Getting into WBC takes a real effort

Norman Chad The Spokesman-Review

When Abner Doubleday was sitting in Elihu Phinney’s cow pasture in Cooperstown, N.Y., in 1839, I doubt he ever envisioned the World Baseball Classic. Then again, he may never have even envisioned baseball.

(Of course, Doubleday was credited with inventing the game for years, despite considerable evidence to the contrary. Baseball historians now trace the origin of baseball to 1825; I believe it goes back to a much earlier time. For instance, when Christopher Columbus “discovered” the New World in 1492, after he checked in to an overpriced bed-and-breakfast, he reportedly showed up in the third inning of a 7:35 p.m. baseball game that evening at Plymouth Rock Field, blaming traffic for being late.)

When I have been sitting on my sofa from the 1960s until the present moment, I never envisioned watching the World Baseball Classic.

But as we have found out time and again – “The Tyra Banks Show” being the latest example – sooner or later, they put anything on TV.

Should we be interested in the World Baseball Classic? Yes, we should.

Are we interested in the World Baseball Classic? No, we’re not.

And why not? Because …

I CAN’T BELIEVE THEY MANAGED TO CRAM ANOTHER MEGA-EVENT ONTO THE SPORTS CALENDAR!

How much are we supposed to pay attention to at one time? I’ll sleepily toggle between “The O’Reilly Factor” and “Hardball With Chris Matthews,” but this is getting ridiculous.

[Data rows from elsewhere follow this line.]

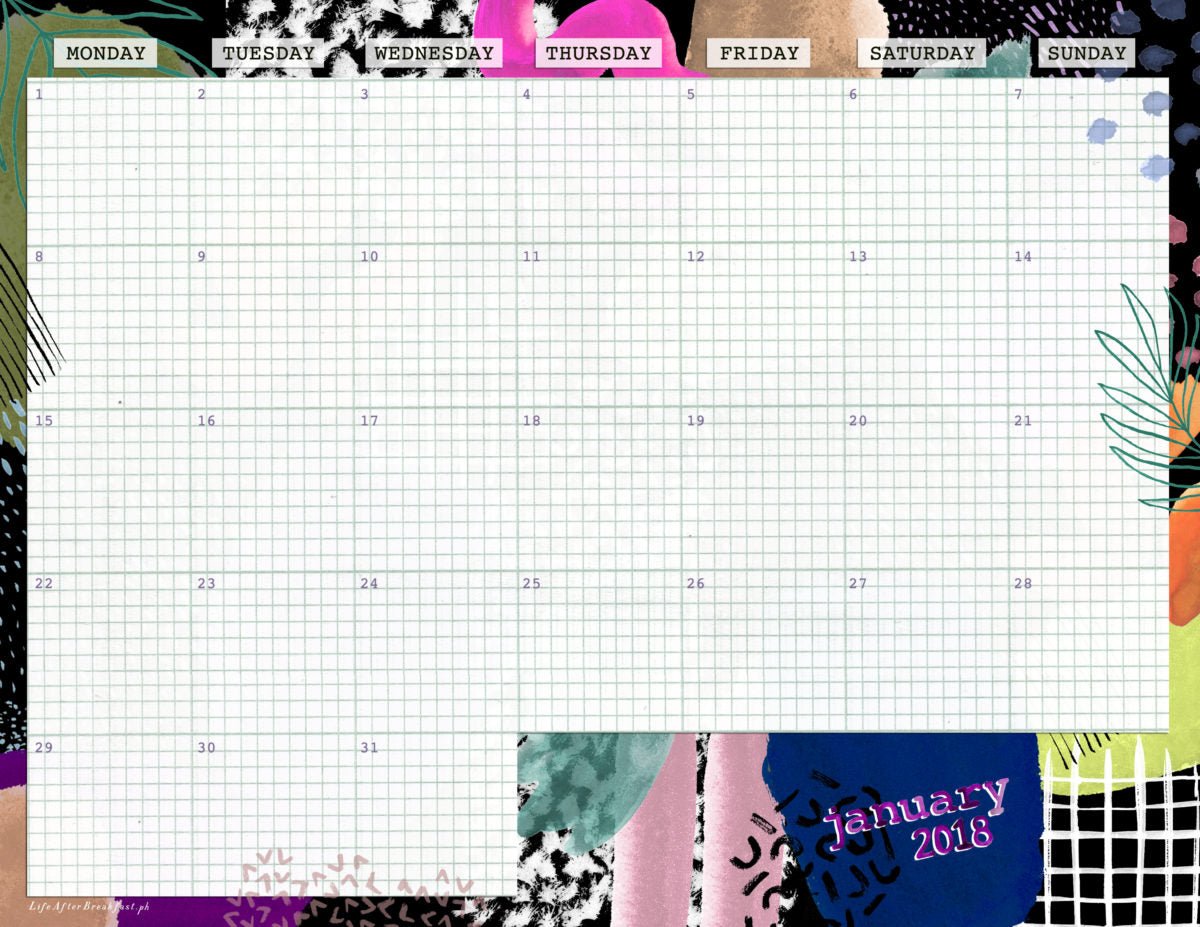 January 2018 Printable Calendar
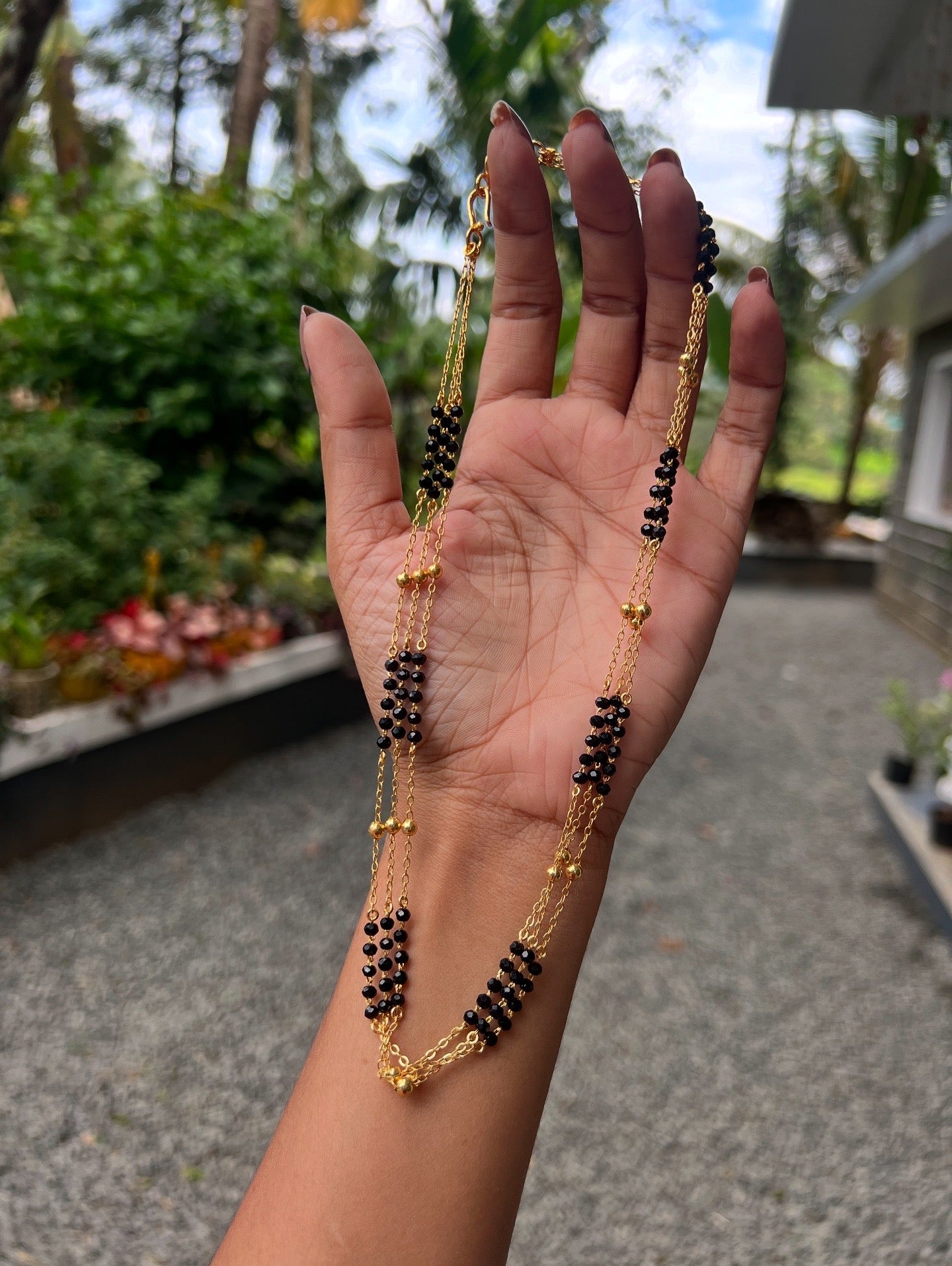 Premium gold plated karimani short 3layer necklace product code P19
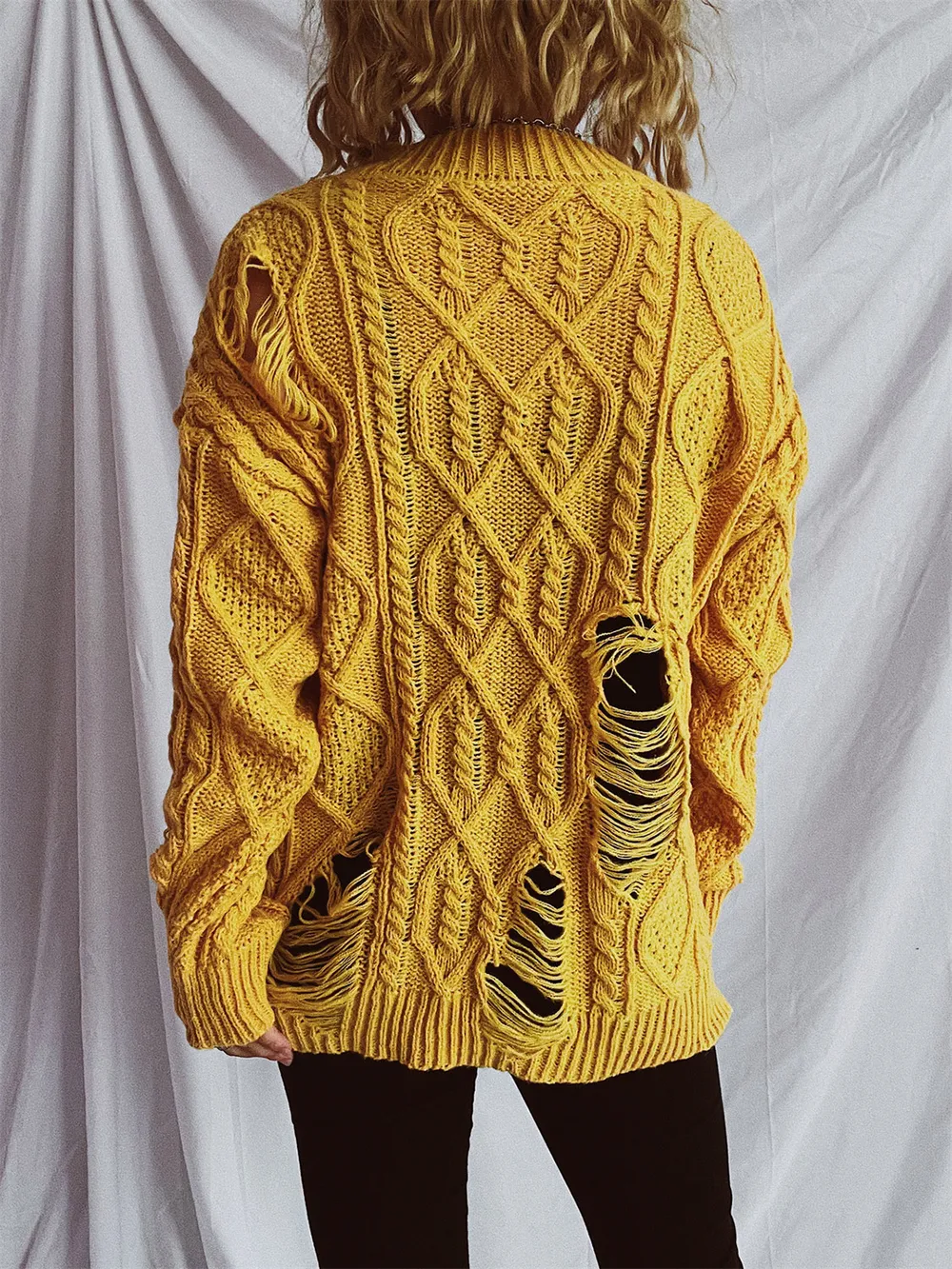 Distressed Cable-Knit Round Neck Long Sleeve Sweater, image 16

At the moment, I’m trying to follow March Madness, exhibition baseball, the NBA, the NFL, the PGA, the PBA, NASCAR, Formula One racing, arena football, the road to the Kentucky Derby, the Iditarod, the Hasim Rahman-James Toney heavyweight title fight, the Southern California Regional Division III girls basketball playoffs, MLS roster cuts, just a tad of tennis and the World Poker Tour.

Like I’ve got room in my mental Rolodex for Korea-Chinese Taipei partial scores?

Two expressions – one that you hear on the TV ads and one that you don’t – come to mind in regard to the inaugural WBC:

“I’ll be there for my country, will you be there for yours?”

“Tickets still available.”

Where are we supposed to find time to watch these games? Believe you me, if I’m in Kissimmee, Fla., and have a choice between paying $15.99 for a sizzlin’ ribeye skillet at Applebee’s or $21 for a bleacher seat at Venezuela vs. Australia, I’m saying, “Table for one!”

Plus, did you see that Team USA almost was eliminated from this thing after two games? It’s our game and we have our best players there – other than maybe Barry Bonds – and there was a chance we got bounced before Round 2?

(By the way, at this point Franciscan monks on the Galapagos Islands say they’ve witnessed Barry Bonds using steroids.)

I tuned in to the U.S.-South Africa game on ESPN; it was win-or-go-back-to-spring- training for the Americans. Greg Papa kept talking about “big-time pressure” for Team USA while his broadcast partner, Steve Stone, kept talking about an American victory being a foregone conclusion. Final score: U.S. 17, South Africa 0. Advantage, Stone.

Then I turned on ESPN Deportes, which is televising every game, and I could not understand a word they were saying.

Frankly, I’m already exhausted watching maybe 15 minutes of two games – and there’s still a week to go!

No one I know is that excited about the World Baseball Classic.

Then again, I’m reminded of when I was working on an oil rig in southern Uruguay – geez, this must’ve been the late 1920s or early ‘30s – and a couple of Abner Doubleday wannabes over at FIFA decided to hold the first soccer World Cup down there. Uruguay beat Argentina for the title, probably 1-0. Nobody cared – “SportsCenter” didn’t even mention it. And now look how big that whole World Cup business has become. Who knew?

Ask The Slouch

Q. Do you think the reason your alma mater, Maryland, is not in the NCAA men’s basketball tournament is that the team concentrated on academics this year? (Bob Craig; Fredericksburg, Va.)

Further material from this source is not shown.